Anhaltspunkte dafür, daß es sich bei den Notausgängen in der Betriebsanlage des Beschuldigten um solche iSd § 23 Abs.3 AAV handelt, liegen nicht vor. Sie ergeben sich weder aus dem gewerbebehördlichen Betriebsanlagengenehmigungsbescheid vom 10.6.1980, MA2-Ge-3039-1980, samt Verhandlungsschrift vom 3. Juni 1980 noch aus der Anzeige des Arbeitsinspektorates für den 19. Aufsichtsbezirk und auch nicht aus den Angaben des Beschuldigten in der mündlichen Verhandlung vor dem unabhängigen Verwaltungssenat am 8. Oktober dJ. Seinen Angaben in der mündlichen Verhandlung nach, räumt der Beschuldigte lediglich ein, daß es aus Gründen der Diebstahlsicherung möglich gewesen sei, daß der Notausgang während der Pausen fallweise abgesperrt worden wäre und dessen Wiederaufsperren während der Betriebszeit vergessen worden sei. Dies erfüllt für sich allein noch keinen Straftatbestand, weil aus der AAV als genereller Norm keine Bestimmung zu entnehmen ist, welche gebietet, Notausgänge unversperrt zu halten. Um daher in anderen, nicht unter § 23 Abs.3 AAV subsumierbaren Fällen, dennoch die Notausgangsfunktion im Interesse der Arbeitnehmer gewährleisten zu können, erweist sich die Vorschreibung entsprechender Auflagen gemäß § 27 Abs.2 ANSchG für erforderlich. Diese sind jedoch im vorerwähnten Betriebsanlagenbescheid unterblieben. Dieser Bescheid enthält nämlich keine Auflage dahingehend, daß die Notausgänge unversperrt oder mit einem integrierten Öffnungsmechanismus versehen sein müssen, sondern bestimmt lediglich, daß Fluchttüren in Fluchtrichtung aufschlagen müssen (Auflage Punkt 16). Die Vorschreibung ergänzender, dem Stand der Sicherheitstechnik entsprechender Auflagen zur Gewährleistung der Notausgangsfunktion ist im gegenständlichen Fall aber sicherlich geboten.

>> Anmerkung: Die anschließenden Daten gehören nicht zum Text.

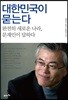 대한민국이 묻는다
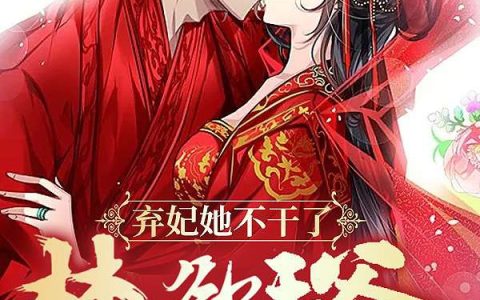 (沐堇兮宋雪)弃妃她不干了，禁欲王爷日夜哄_(弃妃她不干了，禁欲王爷日夜哄)全本免费在线阅读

Da die gegenständlichen Notausgänge nicht solche iSd § 23 Abs.3 AAV sind, wurde die darauf abstellende Strafe zu Unrecht verhängt, weshalb wie im Spruch zu entscheiden war.

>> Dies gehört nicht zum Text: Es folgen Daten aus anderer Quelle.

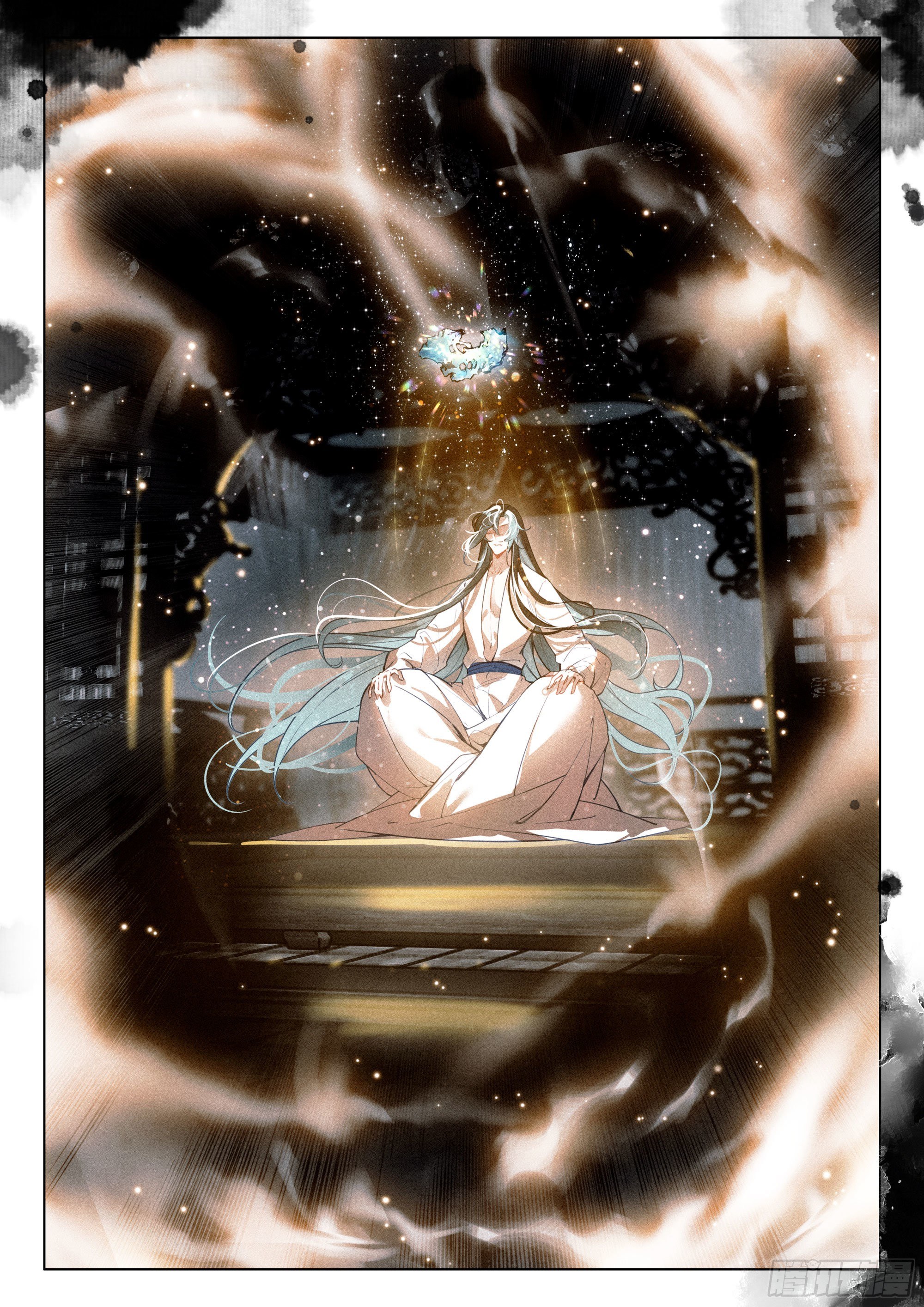 กระบี่เทพพิชิตฟ้า (ชนจีน) ตอนที่ 39 หน้า 21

Aufgrund der stattgebenden Berufungsentscheidung waren dem Beschuldigten gemäß § 65 VStG keine Kosten für das Berufungsverfahren vorzuschreiben.

Abschließend ist festzuhalten, daß der Verwaltungsgerichtshof in seinem voranzitierten aufhebenden Erkenntnis gegenüber dem unabhängigen Verwaltungssenat als belangter Behörde seine bindende Rechtsansicht dahingehend zum Ausdruck bringt, als er die Rechtswidrigkeit im aufgehobenen Erkenntnis darin erblickt, daß darin die Strafbarkeit der angelasteten Verwaltungsübertretung von einem Antrag des Arbeitsinspektorates gemäß § 10 Abs.1 ArbIG 1993 abhängig gemacht worden sei. Die vorliegende Entscheidung läßt diese Rechtsansicht jedoch unberührt bzw unwidersprochen und gründet lediglich darauf, daß festzustellen war, daß keine Betriebsgründe vorlagen, denenzufolge die gegenständlichen Notausgänge hätten versperrt gehalten werden müssen. Es liegt sohin kein Verstoß gegen das Bindungsgebot an die Rechtsansicht des Verwaltungsgerichtshofes vor.

Rechtsmittelbelehrung:

Gegen diesen Bescheid ist kein ordentliches Rechtsmittel zulässig.

Hinweis:

Gegen diesen Bescheid kann innerhalb von sechs Wochen ab seiner Zustellung eine Beschwerde an den Verfassungsgerichtshof oder an den Verwaltungsgerichtshof erhoben werden; diese muß - von gesetzlichen Ausnahmen abgesehen - jeweils von einem Rechtsanwalt unterschrieben sein.